**YOUR TASK**
Every line below from the one with "Bluesound Power Node 2" through the one with "139 Firelight Way" is to be repeated exactly, with no picture among them.

********

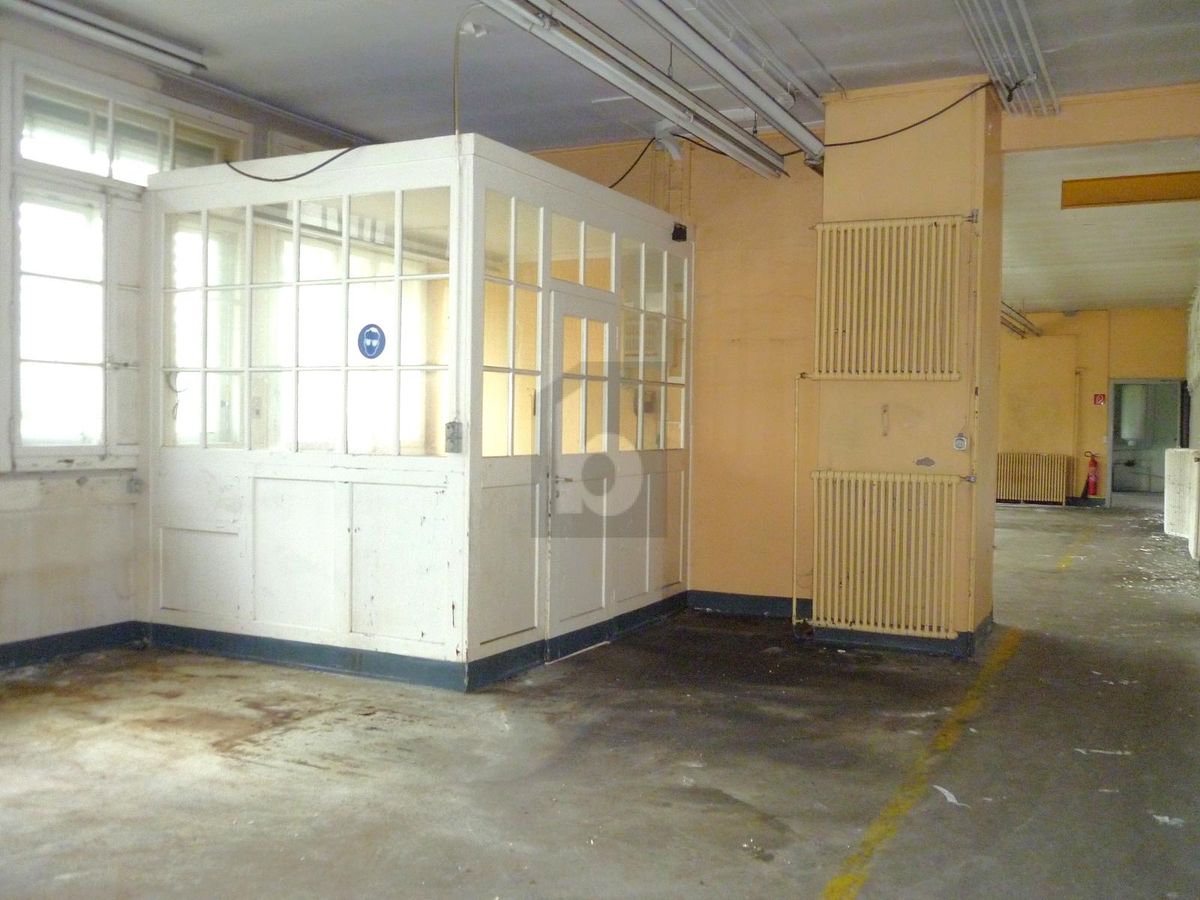AU REZ DANS UNE SITUATION STRATÉGIQUE (5) - 3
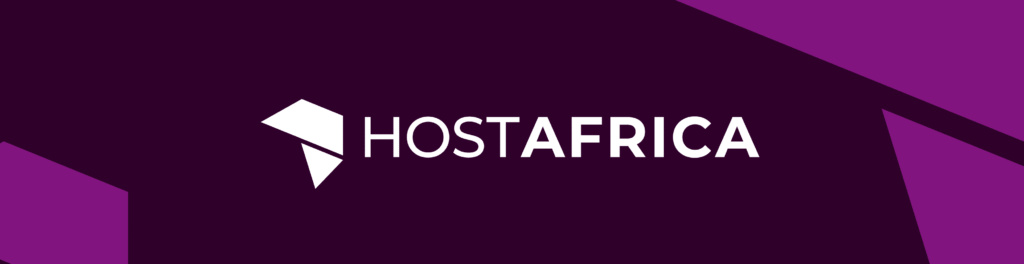 How a Website Helps You Get More Customers in South Africa Hbuild by HOSTAFRICA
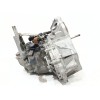 Recambio de caja cambios para fiat fiorino adventure sx kombi referencia OEM IAM 55241803  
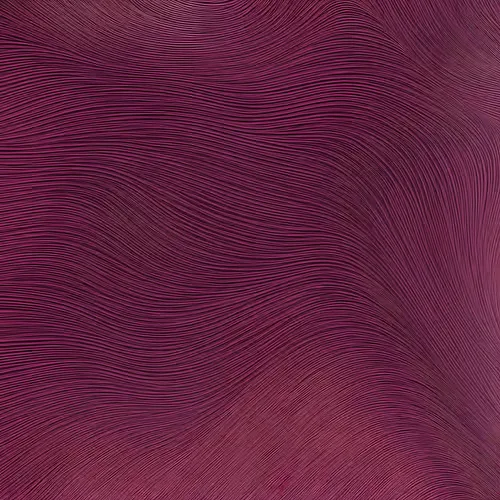 Day 108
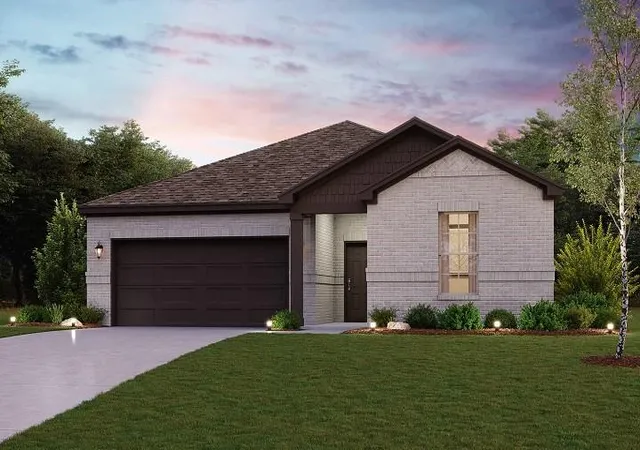 1st image of 2819 Coral Dr, Texas City, TX 77591 | MLS# 77966847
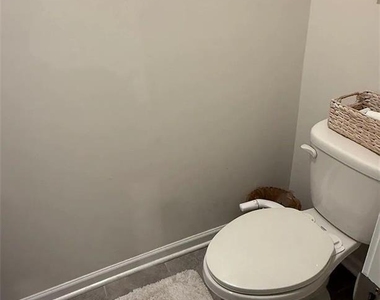 5542 Plain Field Lane - Photo Thumbnail 19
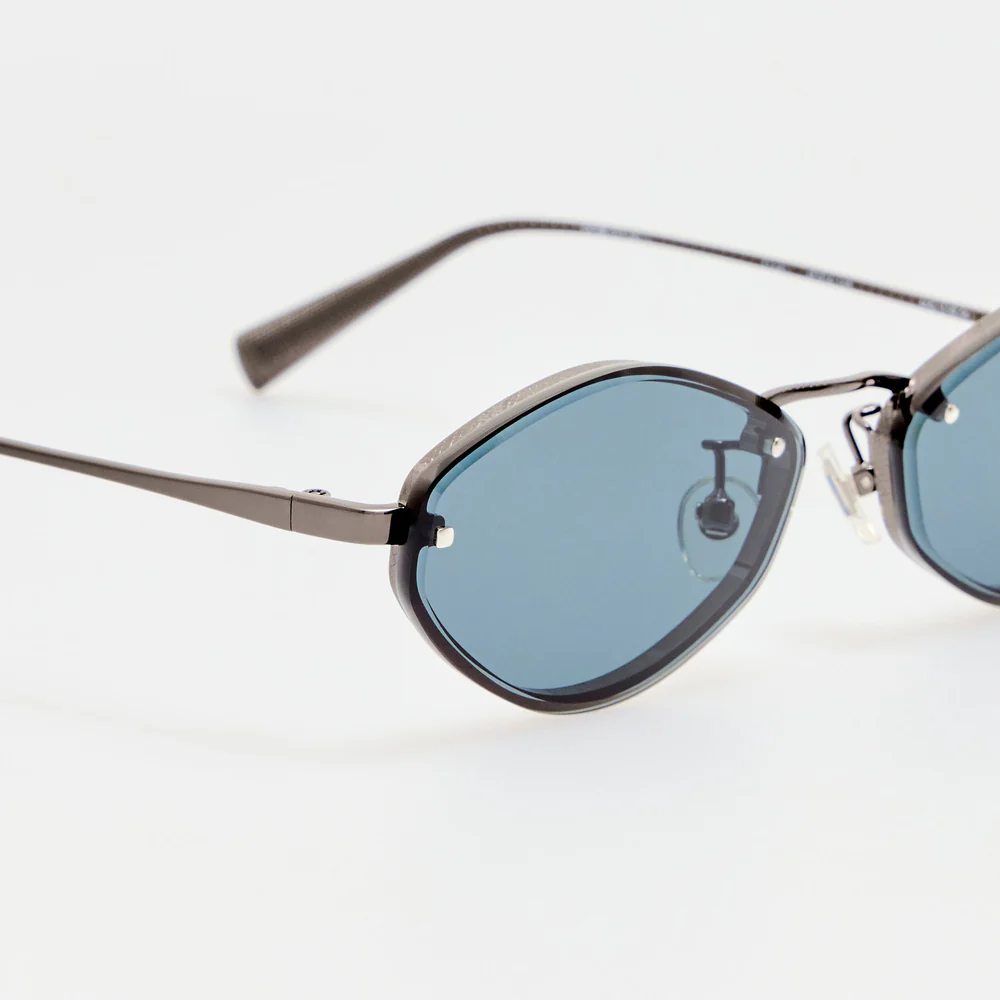 Bellini Sunglasses 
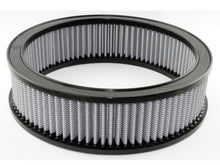 Load image into Gallery viewer, aFe MagnumFLOW Air Filters OER PDS A/F PDS GM Cars &amp; Trucks 59-69 - DTX Performance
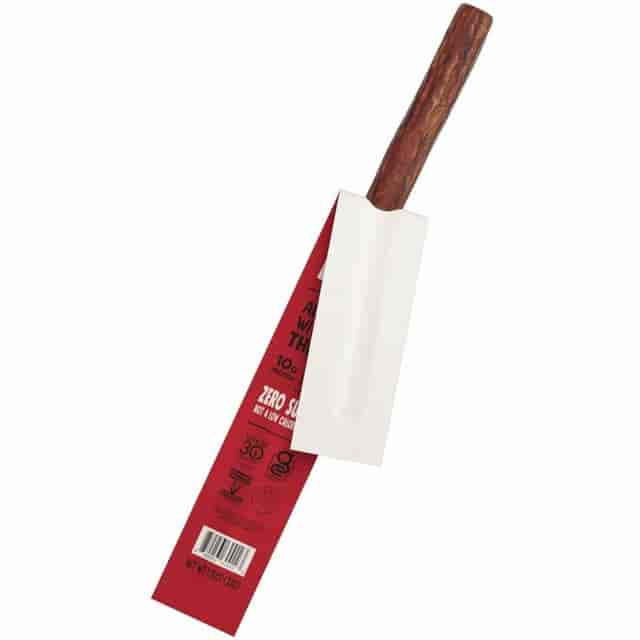 CHSCB24 Product Image 6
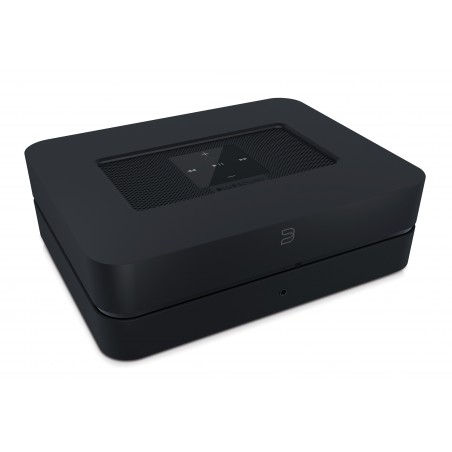 Bluesound Power Node 2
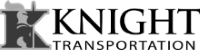 Knight Brokerage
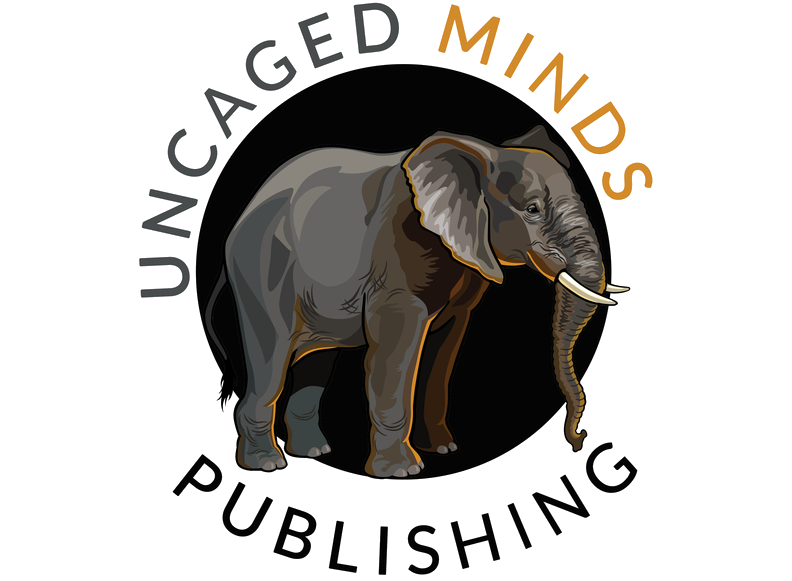 Uncaged Minds Publishing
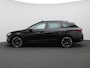 CUPRA Leon Sportstourer 1.4 e-Hybrid VZ Performance 245PK DSG SOH 87%, Panoramadak, Memorystoel, Achteruitrijcamera, Stuur/Stoelverwarming, Side assist, Keyless, 19'' lichtmetaal
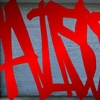 Upload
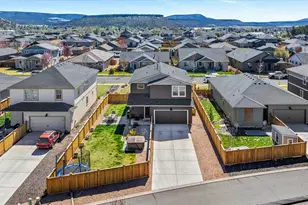 715 NE Union Loop, Prineville, OR 97754 - Photo 47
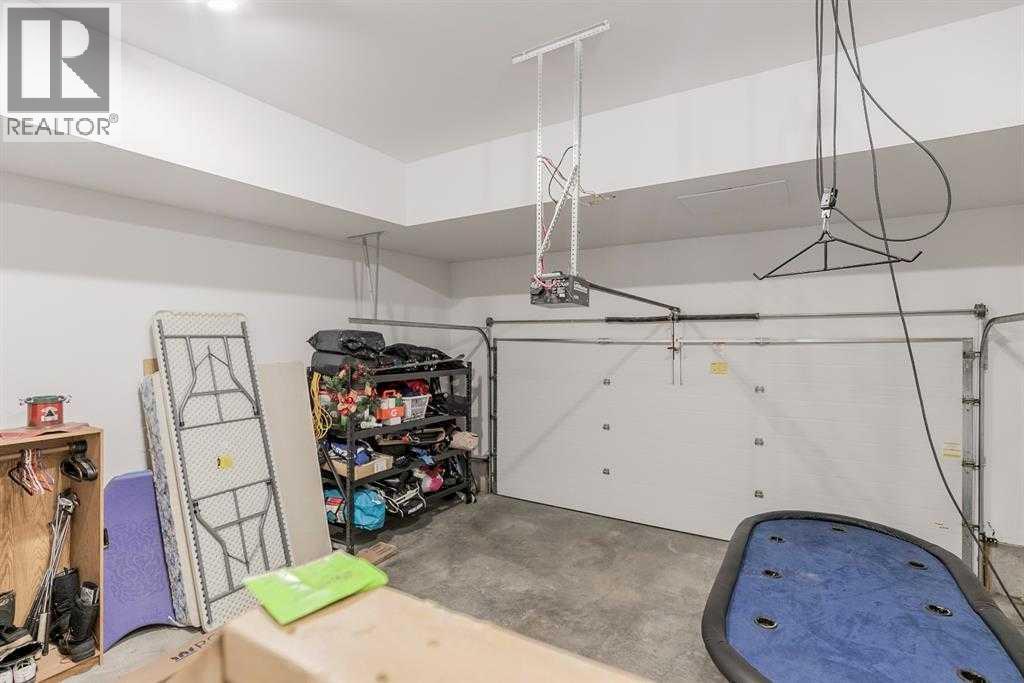 139 Firelight Way W, Lethbridge, Alberta  T1J 4B2 - Photo 29 - A2285701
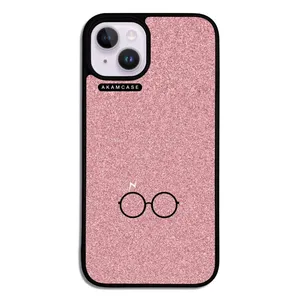 AKAM AMC-WA14-HARRY POTTER-34 Cover For Apple iPhone 14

********

**YOUR SOLUTION**
 Bluesound Power Node 2
 Knight Brokerage
 Uncaged Minds Publishing
 CUPRA Leon Sportstourer 1.4 e-Hybrid VZ Performance 245PK DSG SOH 87%, Panoramadak, Memorystoel, Achteruitrijcamera, Stuur/Stoelverwarming, Side assist, Keyless, 19'' lichtmetaal
 Upload
 715 NE Union Loop, Prineville, OR 97754 - Photo 47
 139 Firelight Way W, Lethbridge, Alberta  T1J 4B2 - Photo 29 - A2285701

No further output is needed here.